I am not writing this article from the perspective of a child. But from the perspective of a wife, who wants to see her husband be the future superhero for her child.
Like every other child, I want my daughter to love, value, and respect her father, not only for providing for her every need and want but for reasons beyond this. I want my daughter to know that her father has been as compassionate and caring as I was, right from the time we learned we were expecting. To be more precise, I want her to know that he equally went through the overwhelming journey of those sleepless nights when she was wide awake until dawn. He also never left my side at doctors appointments, even when she was just in my womb. In other words, our safety has always been his foremost priority.

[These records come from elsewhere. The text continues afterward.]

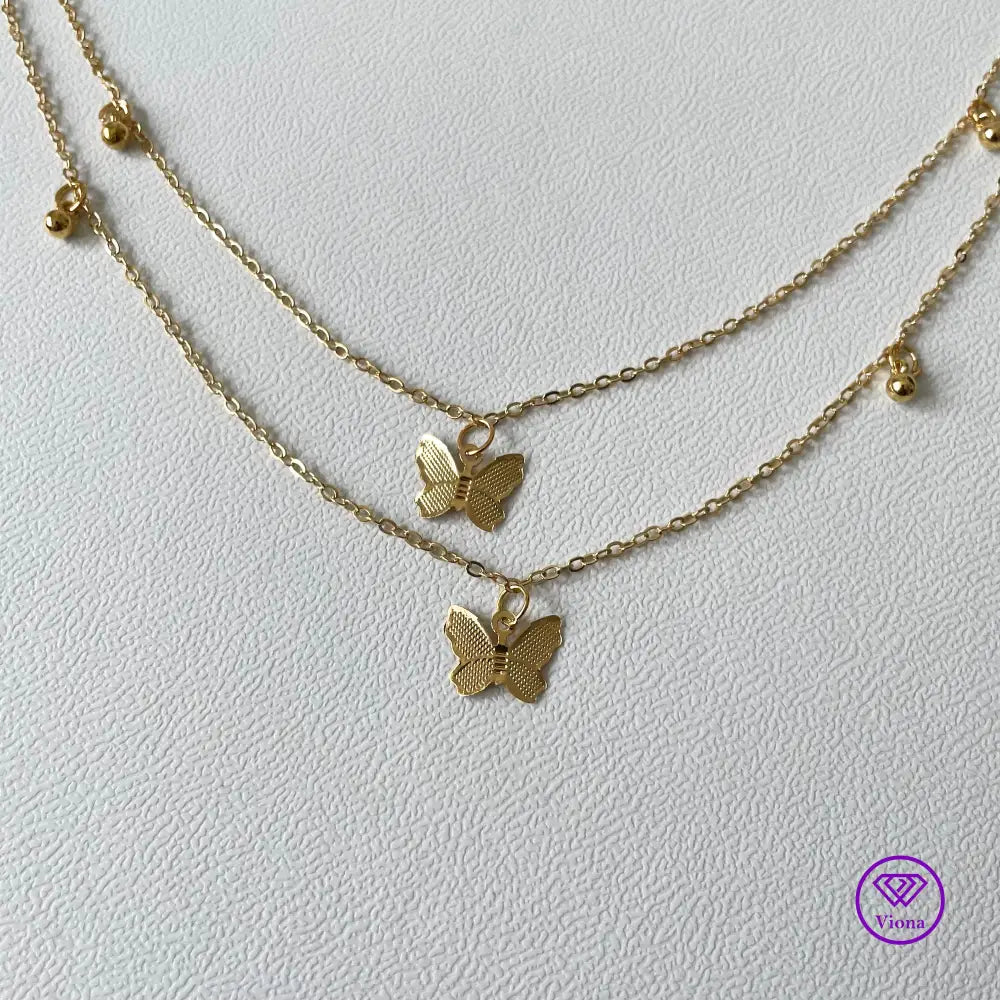 Double layered butterfly necklace in gold color and adjustable chain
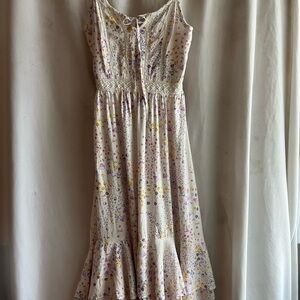 Japna Floral Rayon Maxi Dress Size Small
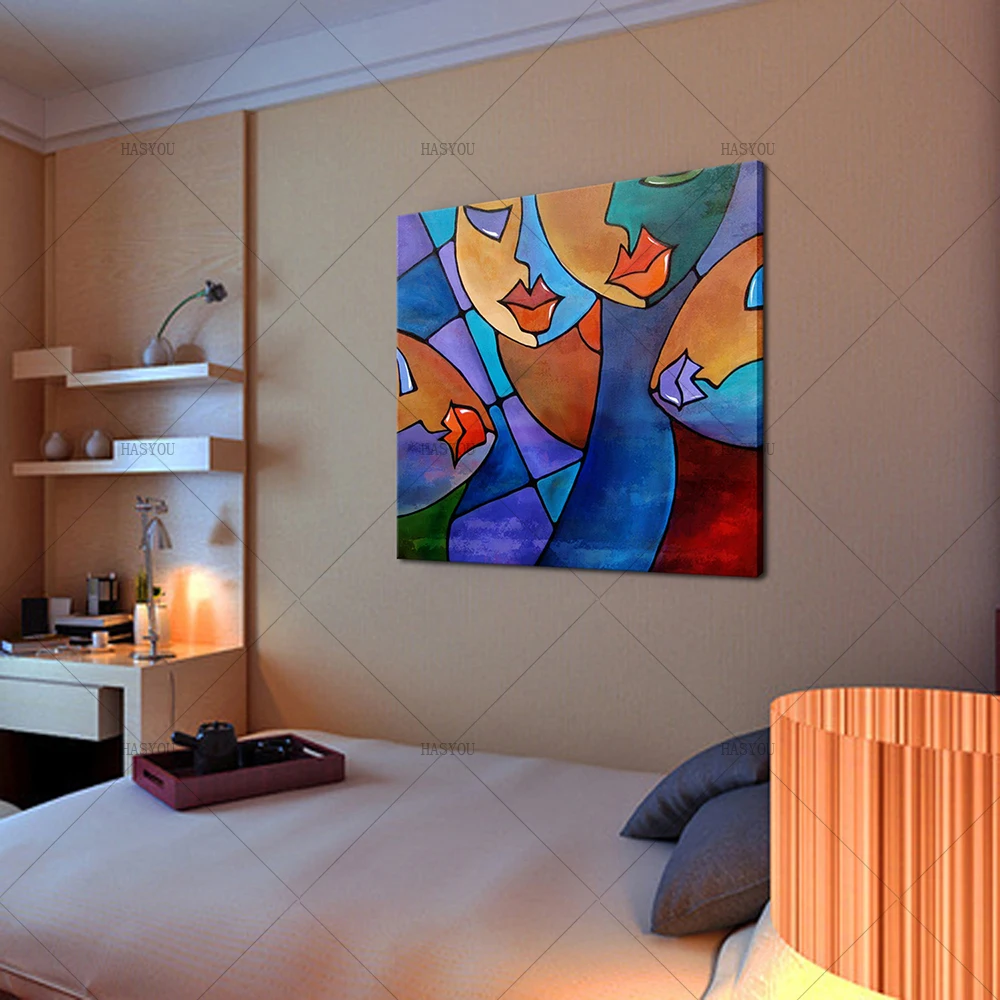 Download Hand painted Oil Painting On Canvas 3 dimensional city Oil Painting Abstract Modern Figure Wall ...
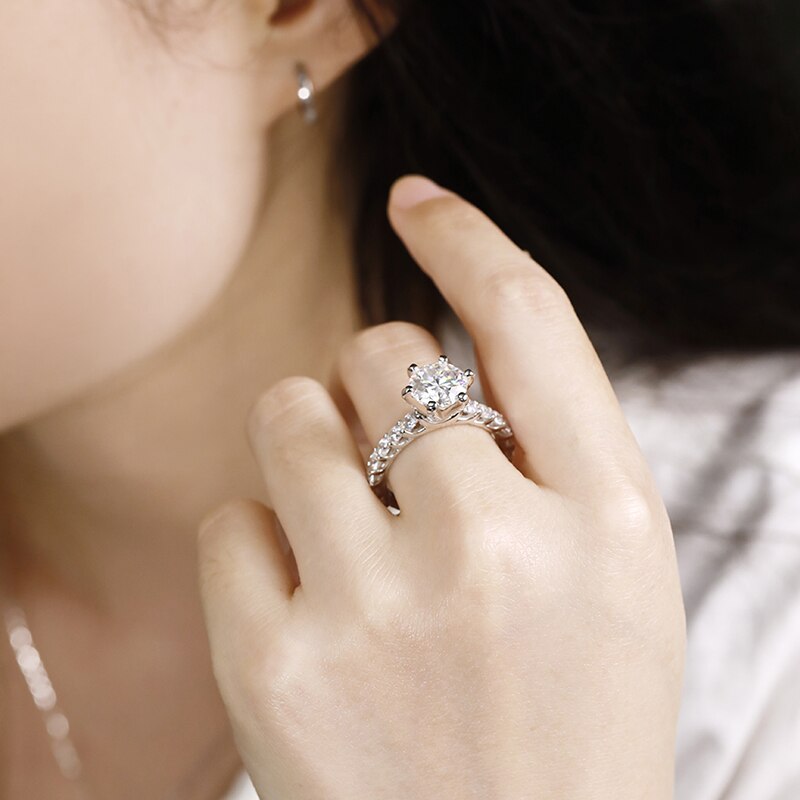 No.29[Blossom] Real Moissanite Ring with 925 Sterling Silver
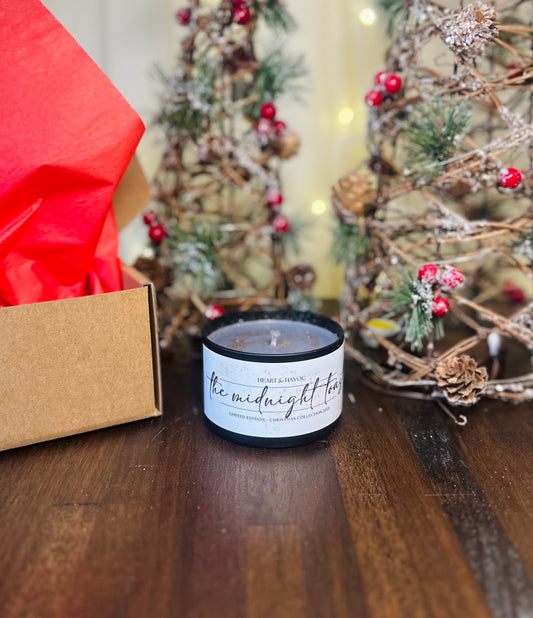 The Midnight Toast Candle | Juniper & Frankincense Holiday Candle – Heart & Havoc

I would like to see her flabbergasted to know how he prepared extra sugary shakes and juices for me when she was quiet in my tummy, forgetting to show us her movement. And how he helped me during my postpartum pains. Through all of this, he still had to ensure he arrived at the office on time, as he was the only earning hand making our ends meet.
I will purposely reiterate it to my daughter that her father turned into a photographer and a blogger just to capture her beautiful childhood memories for her. And that he cut cakes every month of her first year, and he assured the best of clothes and skin care products for her. He devoted himself to her care and, together, we never compromised on giving her the best we could.
After narrating this story to her, I would leave it up to her to decide who a father is to his daughter. I hope she would recreate the definition of "father" to "superhero" and understand our superhero better!